Start at the line containing "Black Metal Beverage" and transcribe every line exactly through the end of the records below, and only those lines.

Records for the task:
>>>

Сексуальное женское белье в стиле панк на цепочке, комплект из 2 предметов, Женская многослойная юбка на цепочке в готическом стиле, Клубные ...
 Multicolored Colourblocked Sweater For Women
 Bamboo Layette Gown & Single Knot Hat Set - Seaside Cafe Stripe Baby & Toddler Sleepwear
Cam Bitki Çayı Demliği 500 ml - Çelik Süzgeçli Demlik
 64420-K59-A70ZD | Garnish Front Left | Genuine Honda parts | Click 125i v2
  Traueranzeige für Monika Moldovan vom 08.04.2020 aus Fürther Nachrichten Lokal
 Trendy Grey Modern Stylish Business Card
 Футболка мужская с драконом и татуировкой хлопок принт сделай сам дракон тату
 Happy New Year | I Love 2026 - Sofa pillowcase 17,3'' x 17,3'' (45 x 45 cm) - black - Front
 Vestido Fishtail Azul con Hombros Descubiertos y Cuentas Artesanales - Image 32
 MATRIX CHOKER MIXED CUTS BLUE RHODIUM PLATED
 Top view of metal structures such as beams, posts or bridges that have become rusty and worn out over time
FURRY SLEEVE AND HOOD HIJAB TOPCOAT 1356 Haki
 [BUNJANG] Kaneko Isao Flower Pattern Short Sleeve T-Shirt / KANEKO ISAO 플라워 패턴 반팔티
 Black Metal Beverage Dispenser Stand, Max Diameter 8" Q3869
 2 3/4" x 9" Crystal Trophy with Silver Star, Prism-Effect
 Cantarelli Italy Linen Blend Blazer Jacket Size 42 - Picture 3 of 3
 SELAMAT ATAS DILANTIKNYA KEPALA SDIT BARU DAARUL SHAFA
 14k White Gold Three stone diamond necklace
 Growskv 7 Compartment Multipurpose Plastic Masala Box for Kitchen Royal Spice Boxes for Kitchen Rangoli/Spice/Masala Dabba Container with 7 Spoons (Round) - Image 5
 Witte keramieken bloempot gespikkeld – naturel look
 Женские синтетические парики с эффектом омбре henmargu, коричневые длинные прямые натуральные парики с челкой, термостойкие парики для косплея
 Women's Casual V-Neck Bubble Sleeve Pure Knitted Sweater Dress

<<<

Result for this exercise:
 Black Metal Beverage Dispenser Stand, Max Diameter 8" Q3869
 2 3/4" x 9" Crystal Trophy with Silver Star, Prism-Effect
 Cantarelli Italy Linen Blend Blazer Jacket Size 42 - Picture 3 of 3
 SELAMAT ATAS DILANTIKNYA KEPALA SDIT BARU DAARUL SHAFA
 14k White Gold Three stone diamond necklace
 Growskv 7 Compartment Multipurpose Plastic Masala Box for Kitchen Royal Spice Boxes for Kitchen Rangoli/Spice/Masala Dabba Container with 7 Spoons (Round) - Image 5
 Witte keramieken bloempot gespikkeld – naturel look
 Женские синтетические парики с эффектом омбре henmargu, коричневые длинные прямые натуральные парики с челкой, термостойкие парики для косплея
 Women's Casual V-Neck Bubble Sleeve Pure Knitted Sweater Dress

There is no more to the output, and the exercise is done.